In 1957 the Mint produced "arguably the purest of all gold". Refinery Officer Leo Hickey and Senior Craftsman Alexander Osborne produced a proof 'plate' of almost six nines - 999.999 parts of gold per thousand - as measured by the Worshipful Company of Goldsmiths in London. The Royal Mint was so impressed that it ordered some of the gold as the benchmark for its own standards. 
Perth Mint remained under Britain's jurisdiction until 1 July 1970, when ownership transferred to the Government of Western Australia. The change came at a fortuitous time - a few years later a new gold boom took off. With the price of gold rising dramatically, the Mint became the focus of renewed interest and opportunity, and is now Australia’s largest fully integrated, innovative precious metals enterprise, providing premium gold, silver and platinum products and services to markets throughout the world, exporting some $18 billion worth of pure gold, silver and platinum bullion bars and coins to investors in more than 100 countries annually. 
A tour of the Mint gives you the history of the building and how gold came to be. The history of gold is really interesting, you can read about it here 

William Ford and Arthur Bayley were the first to strike gold in the State of Western Australia.

I don't think this was their original wheelbarrow! 
but it was probably used by prospectors at some time in the past.

The world's largest and most valuable coin, weighing in at a staggering 1 tonne is showcased 
in all its golden glory on a revolving platform which is lowered into a vault beneath it every evening. 
An image of Queen Elizabeth II is on the other side of the coin.
You can see how it was made here

Technical details if you like that kind of stuff

The gold pour where you can see 99.99% molten pure gold being poured
to form a 6 kilogram solid gold bar. 
Unfortunately my phone camera couldn't cope with the dim lighting in the smelting area.
The chap doing the demonstration is in the far left of the picture and that gold glow is, yes you've guessed, the gold melting in the furnace.

Here he is about to pour the melted gold into the  mold

I didn't bring my fairly large SLR camera this time, thinking my phone one would be ok. My grandson can't understand why anyone would want such an old fashioned phone, I tell him that I only have one as a standby in my handbag, I don't need an all singing all dancing, we have an app for everything you could possibly need phone. Still not convinced he then went on to explain how I could have a sat nav that could not only guide me around when at home but also around Perth or anywhere else I might get lost. But the coup de gras was when he showed me how good the cameras are on modern phones. So when I get home he is going to help me find a good phone at a good price.

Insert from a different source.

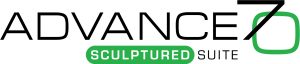 Home - Advance PVCu Trade Frames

He's a lovely boy. 

The mold is then placed in a bath of water to cool

And here it is, transformed into a gleaming solid gold bar. 
Unfortunately they didn't give any free samples!

The shop has lots of gorgeous items for sale

Time for a refreshing cup of tea and a scrumptious chocolate and caramel macaron.

 The Mint cafe was quirky, I loved the prospector theme.

Polly x 


  1. the colonial building is gorgeous..

  2. This was interesting, I loved learning about the history of gold in Australia. You are my most expensive friend, Polly.

  3. Hello Polly,
    That was a great post. Very interesting history facts. Your pictures are gorgeous!
    Big hug

  4. This is a fascinating post, Polly. I had no idea. That gift shop is pretty darned magnificent and I'm sure not inexpensive! Worth your weight in gold? Well, of course!

    1. Thank you Jeanie. Yes the gift shop was a tad expensive!